Para aqueles que ainda não conheciam o IDESC, o Sr. poderia nos contar um pouco sobre o histórico de vocês com a causa ambiental no Brasil.
O IDESC foi constituído no ano de 2008 por pessoas identificadas com causas ambientais, o que trouxe como consequência natural ações e projetos voltados à proteção e preservação do meio ambiente. Porém, já atuo e milito há muito mais tempo nesta área, podendo citar como exemplos, minha participação no desenvolvimento e coordenação do Projeto de Zoneamento Ecológico Econômico à gestão ambiental do setor de reparação automotivo de Belo Horizonte – MG, realizado para a Secretaria Estadual do Meio Ambiente de Minas Gerais e associação do setor, trabalho esse que culminou no Projeto de Gestão Ambiental do Setor Automotivo de Minas Gerais. Atuei como consultor para a Secretaria de Meio Ambiente e CODEMA, além de prestar consultoria por mais de 18 anos para Companhias estaduais e municipais de Saneamento em Minas e São Paulo. Tenho a grata honra de ter sido eleito delegado, pelo setor empresarial de Minas Gerais no período de 2005 a 2007, para colaborar na construção das Políticas Públicas Nacionais do Meio Ambiente – PNMA/MMA, com seis emendas aprovadas na construção das Políticas Públicas Nacionais do Meio Ambiente, na IIª Conferência Nacional do Meio Ambiente do MMA. Também fui eleito relator dos Grupos de Trabalho de Mobilização Social e de Cidades Sustentáveis do Fórum Estadual pela construção da Agenda 21 em Minas Gerais de 2004 a 2006.

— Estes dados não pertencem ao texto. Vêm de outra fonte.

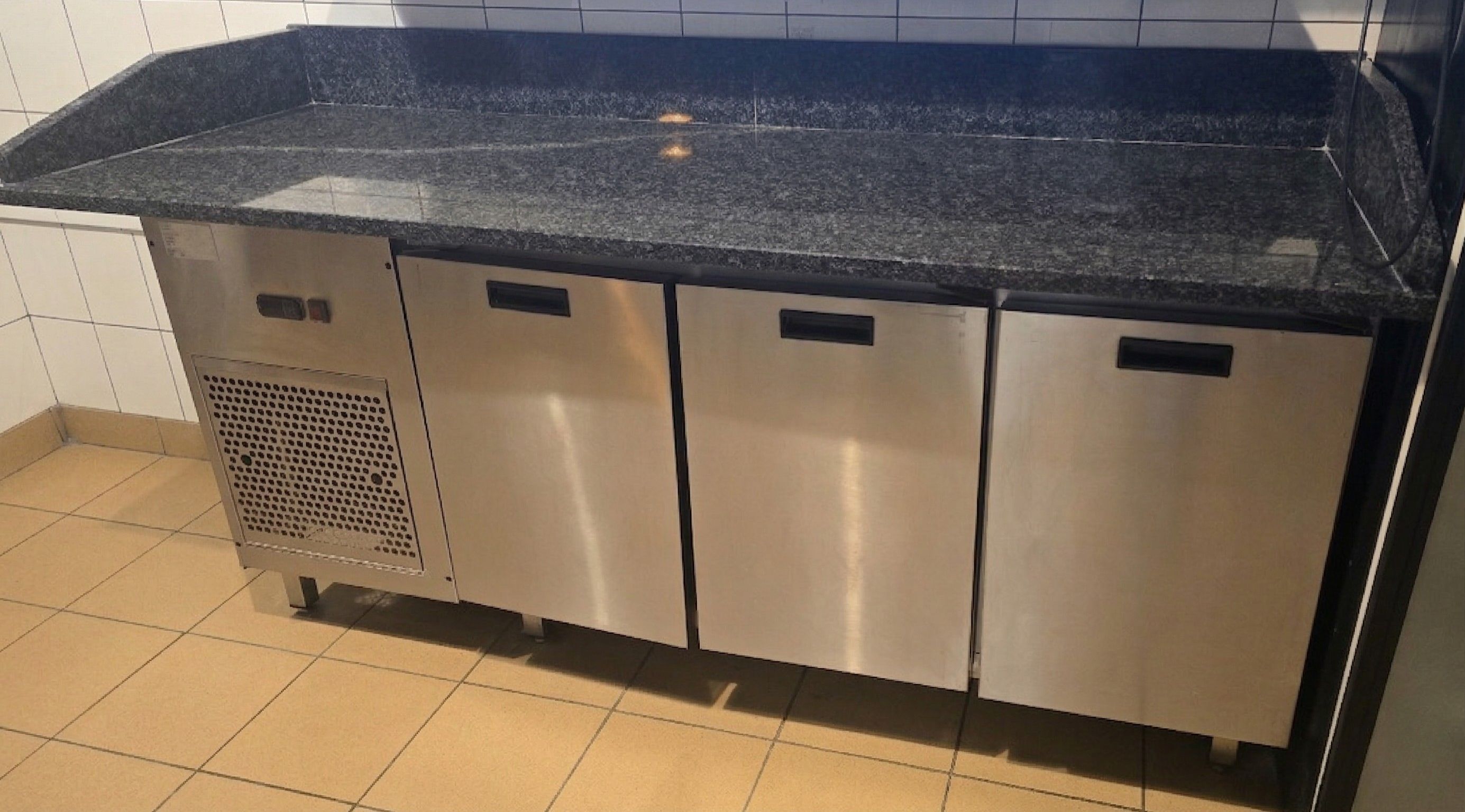 Stół chłodniczy duży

Para finalizar, qual a importância do apoio e participação da sociedade civil nesta Ação Civil Pública contra os plásticos oxi”bio”degradáveis?

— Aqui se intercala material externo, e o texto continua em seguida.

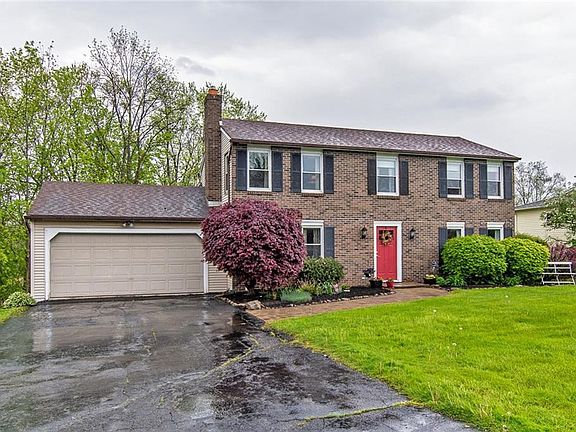 2nd image of 8 Rosscommon Cres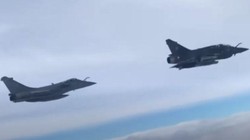 Hai máy bay chiến đấu của Pháp bị máy bay Nga áp sát trên bầu trời Hắc Hải hôm 8/12 (Ảnh: Đông Phương).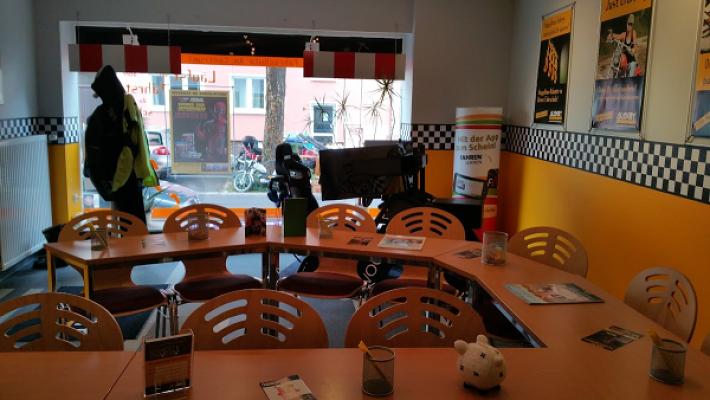 Academy Fahrschule Am Centrum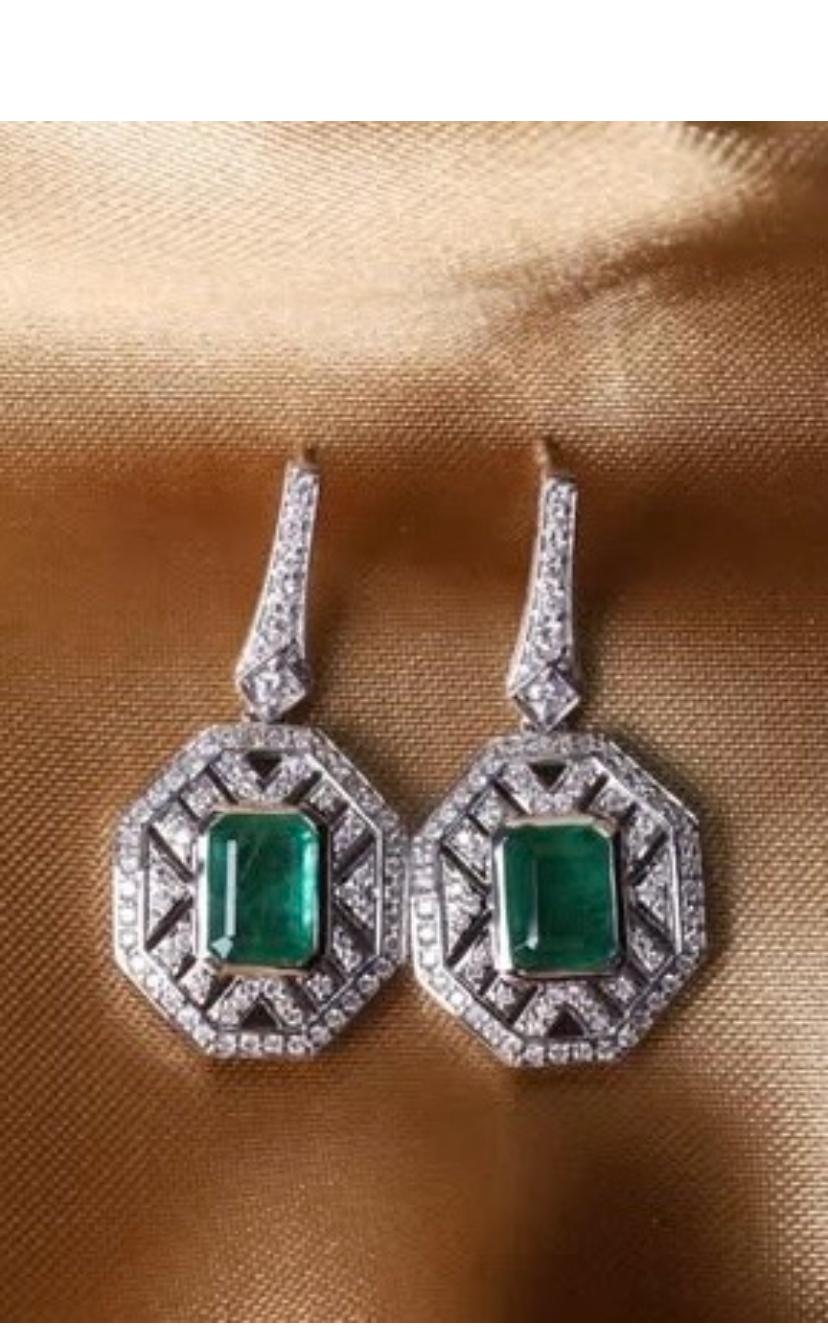 Ein exklusiver Ohrschmuck aus sambischen Smaragden und Diamanten in einem besonderen und raffinierten Design.
Erhöhen Sie Ihre zeitlose Schönheit und verleihen Sie Ihrem Look einen Hauch von Raffinesse.
Erhöhen Sie Ihre zeitlose Schönheit und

É fundamental. Pois atualmente as empresas já perceberam a necessidade de serem reconhecidas no mercado como ambientalmente “corretas” e ou sustentáveis. Com isso, devemos ter cada vez mais produtos e serviços que se apresentarão como “soluções” ambientais e/ou não poluentes. E esse movimento, que me parece irreversível, é altamente desejável em uma sociedade que busca o desenvolvimento sustentável, devendo ter o apoio de todos. Por outro lado, devemos ser absolutamente contrários a qualquer prática de greenwashing, que se trata apenas de uma estratégia de marketing para “colar rótulos” positivos do ponto de vista ambiental nos produtos que comercializam, como o de ser “biodegradável”, que é o caso das empresas rés da nossa Ação Civil Pública, quando na realidade não possuem tal “qualidade”, induzindo o consumidor ao erro e potencializando os riscos de danos ambientais. Somente com a vigilância da sociedade em geral e a criação de leis criteriosas é que evitaremos essa prática em nosso país, inibindo e banindo do mercado as empresas que agem dessa forma nefasta cujo único objetivo é lucrar na “onda da economia verde”, sem de fato se preocuparem com os impactos ambientais gerados por seus produtos.